El recurrente sostuvo que el Tribunal se equivocó al concluir que las pruebas allegadas al proceso y en particular la inspección judicial, demostraban “ (…) las alteraciones sufridas por el vehículo objeto del contrato en su sistema de identificación (…)”, cuando lo que de ellas podía inferirse era la falsedad de los documentos o la inexistencia de los soportes de importación relacionados con el citado bien y, por ello mismo, lo que correspondía deducir era que dicho automotor había ingresado y permanecido en el país de manera ilegal; fue introducido de contrabando.

En esa dirección, sobrevino un desconocimiento de las leyes aduaneras, pues el automotor adquirió la calidad de objeto ilícito y, subsecuentemente, dado que atañe al orden público, tal ordenamiento fue trasgredido, generando la nulidad reclamada (artículo 1519 del C. C.). CARGO SEGUNDO 1º. A través de la formulación de esta acusación, el impugnante asevera que el Tribunal equivocó su función juzgadora al valorar de manera desacertada algunas pruebas y, como consecuencia de tal desatino, desconoció los artículos 174, 187, 195, 200, 208, 251 inc. 3º; 252 inc. 1º; 258; 262 num. 2º; y 264 inc. 1º, (entiende la Corte que corresponden al C. de P. C., aunque no indicó de qué código); esa circunstancia comportó, a su vez, la aplicación indebida del artículo 1521 del C. C., afirmando, concretamente, que el error en que incurrió el fallador es de derecho.
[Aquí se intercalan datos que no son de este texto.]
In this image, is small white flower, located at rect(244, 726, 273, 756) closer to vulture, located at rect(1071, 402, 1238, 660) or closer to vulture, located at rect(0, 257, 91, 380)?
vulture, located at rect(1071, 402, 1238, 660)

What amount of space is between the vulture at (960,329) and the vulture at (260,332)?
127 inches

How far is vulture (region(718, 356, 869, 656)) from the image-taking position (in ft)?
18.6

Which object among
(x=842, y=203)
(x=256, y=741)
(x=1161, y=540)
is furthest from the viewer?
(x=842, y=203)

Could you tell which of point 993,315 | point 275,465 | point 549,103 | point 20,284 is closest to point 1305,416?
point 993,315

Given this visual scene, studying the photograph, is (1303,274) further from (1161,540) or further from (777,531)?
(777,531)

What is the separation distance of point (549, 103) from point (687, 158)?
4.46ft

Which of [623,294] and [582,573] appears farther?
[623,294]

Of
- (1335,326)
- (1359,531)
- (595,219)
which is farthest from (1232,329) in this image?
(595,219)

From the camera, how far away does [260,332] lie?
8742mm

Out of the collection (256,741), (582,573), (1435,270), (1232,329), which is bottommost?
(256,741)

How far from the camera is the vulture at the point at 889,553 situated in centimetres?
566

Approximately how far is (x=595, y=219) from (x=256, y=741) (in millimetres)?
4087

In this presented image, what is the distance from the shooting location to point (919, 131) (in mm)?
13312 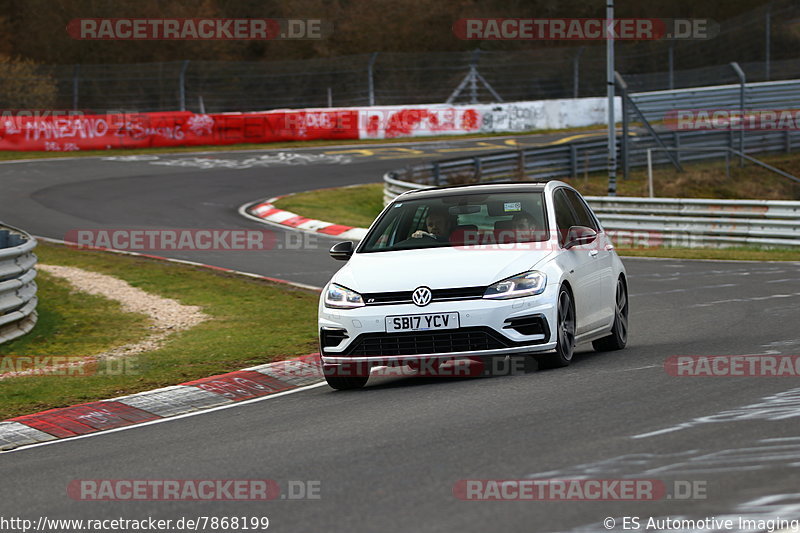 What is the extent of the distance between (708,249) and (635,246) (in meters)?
1.60

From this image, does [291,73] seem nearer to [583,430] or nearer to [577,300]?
[577,300]

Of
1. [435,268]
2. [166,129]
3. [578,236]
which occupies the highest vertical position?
[166,129]

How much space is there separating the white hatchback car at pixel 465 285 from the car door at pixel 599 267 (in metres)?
0.03

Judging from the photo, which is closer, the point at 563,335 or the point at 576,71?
A: the point at 563,335

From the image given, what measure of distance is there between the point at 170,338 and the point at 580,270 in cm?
519

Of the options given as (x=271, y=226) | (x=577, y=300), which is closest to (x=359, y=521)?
(x=577, y=300)

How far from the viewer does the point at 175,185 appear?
32.6 metres

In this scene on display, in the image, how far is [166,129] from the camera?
42.5 meters

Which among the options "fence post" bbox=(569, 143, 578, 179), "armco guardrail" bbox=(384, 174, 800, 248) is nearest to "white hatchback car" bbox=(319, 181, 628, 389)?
"armco guardrail" bbox=(384, 174, 800, 248)

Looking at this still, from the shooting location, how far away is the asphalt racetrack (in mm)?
5422

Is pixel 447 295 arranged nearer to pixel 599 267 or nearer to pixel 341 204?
pixel 599 267

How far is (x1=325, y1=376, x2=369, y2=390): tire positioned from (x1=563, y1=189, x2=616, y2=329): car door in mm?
2014

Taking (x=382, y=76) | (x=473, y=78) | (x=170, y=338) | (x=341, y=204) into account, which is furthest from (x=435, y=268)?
(x=473, y=78)

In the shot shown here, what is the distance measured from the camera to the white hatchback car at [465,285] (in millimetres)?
9102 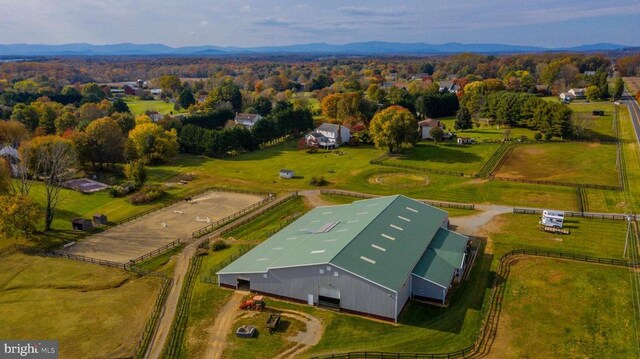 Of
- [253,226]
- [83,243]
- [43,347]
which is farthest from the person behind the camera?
[253,226]

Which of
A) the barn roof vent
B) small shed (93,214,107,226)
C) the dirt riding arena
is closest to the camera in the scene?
the barn roof vent

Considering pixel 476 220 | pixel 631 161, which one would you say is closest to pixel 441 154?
pixel 631 161

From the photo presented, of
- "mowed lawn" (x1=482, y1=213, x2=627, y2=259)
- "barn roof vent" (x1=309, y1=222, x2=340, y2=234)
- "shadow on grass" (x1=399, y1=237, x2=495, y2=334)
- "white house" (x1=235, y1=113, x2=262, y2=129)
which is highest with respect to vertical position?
"white house" (x1=235, y1=113, x2=262, y2=129)

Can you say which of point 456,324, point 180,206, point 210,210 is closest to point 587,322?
point 456,324

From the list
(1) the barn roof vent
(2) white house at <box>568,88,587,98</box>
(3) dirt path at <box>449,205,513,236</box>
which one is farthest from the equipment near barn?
(2) white house at <box>568,88,587,98</box>

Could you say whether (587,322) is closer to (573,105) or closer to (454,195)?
(454,195)

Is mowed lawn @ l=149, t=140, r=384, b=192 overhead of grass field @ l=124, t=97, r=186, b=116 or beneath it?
beneath

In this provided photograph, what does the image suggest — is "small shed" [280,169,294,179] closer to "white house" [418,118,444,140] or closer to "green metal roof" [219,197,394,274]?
"green metal roof" [219,197,394,274]

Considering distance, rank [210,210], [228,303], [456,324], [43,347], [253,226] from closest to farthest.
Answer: [43,347] → [456,324] → [228,303] → [253,226] → [210,210] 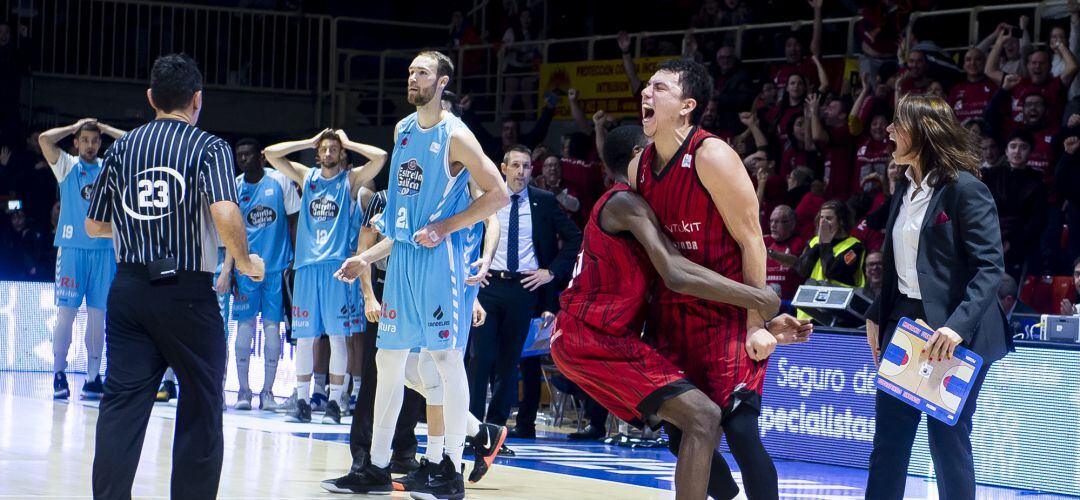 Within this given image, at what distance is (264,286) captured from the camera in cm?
1238

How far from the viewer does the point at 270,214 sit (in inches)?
485

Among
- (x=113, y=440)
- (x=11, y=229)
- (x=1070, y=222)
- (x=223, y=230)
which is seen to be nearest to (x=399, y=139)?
(x=223, y=230)

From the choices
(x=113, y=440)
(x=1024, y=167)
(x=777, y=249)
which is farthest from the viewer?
(x=777, y=249)

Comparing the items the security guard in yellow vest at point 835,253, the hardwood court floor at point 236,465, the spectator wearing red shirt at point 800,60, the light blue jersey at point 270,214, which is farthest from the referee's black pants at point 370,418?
the spectator wearing red shirt at point 800,60

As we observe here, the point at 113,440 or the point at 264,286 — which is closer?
the point at 113,440

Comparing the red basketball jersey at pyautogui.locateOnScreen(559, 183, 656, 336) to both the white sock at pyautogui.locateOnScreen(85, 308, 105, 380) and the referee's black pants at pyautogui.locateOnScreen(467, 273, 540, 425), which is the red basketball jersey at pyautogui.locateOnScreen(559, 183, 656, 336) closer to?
the referee's black pants at pyautogui.locateOnScreen(467, 273, 540, 425)

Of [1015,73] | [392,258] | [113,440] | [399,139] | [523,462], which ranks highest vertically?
[1015,73]

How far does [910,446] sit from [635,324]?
1272mm

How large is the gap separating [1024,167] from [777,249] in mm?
2156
Sostuvo, en lo fundamental, lo siguiente: i) Que por “(…) haberles restado valor probatorio a algunos documentos públicos que obran en el expediente contrariando el mérito demostrativo que ellas les señalan (….). Así como la falta de exponer razonadamente el mérito que le asigne a cada prueba y equivocada apreciación que de la unión de las pruebas hizo el tribunal que estructura igualmente error de derecho”. ii) El anterior ejercicio implicó cercenar el verdadero poder demostrativo de las pruebas allegadas, que aunque apreciadas objetivamente, en su existencia real, no trascendieron en su capacidad persuasiva, pues el Tribunal resistió tal percepción; además, no fueron sopesadas de manera integral sino que se procedió a “dividirlas”, circunstancia que, lisa y llanamente, condujo a aceptar que los sistemas de identificación del vehículo estaban regrabados, pero el sentenciador no percibió que la “camioneta vendida por el demandado al demandante no es la amparada por tales documentos de importación” (folio 24 cuaderno de la Corte).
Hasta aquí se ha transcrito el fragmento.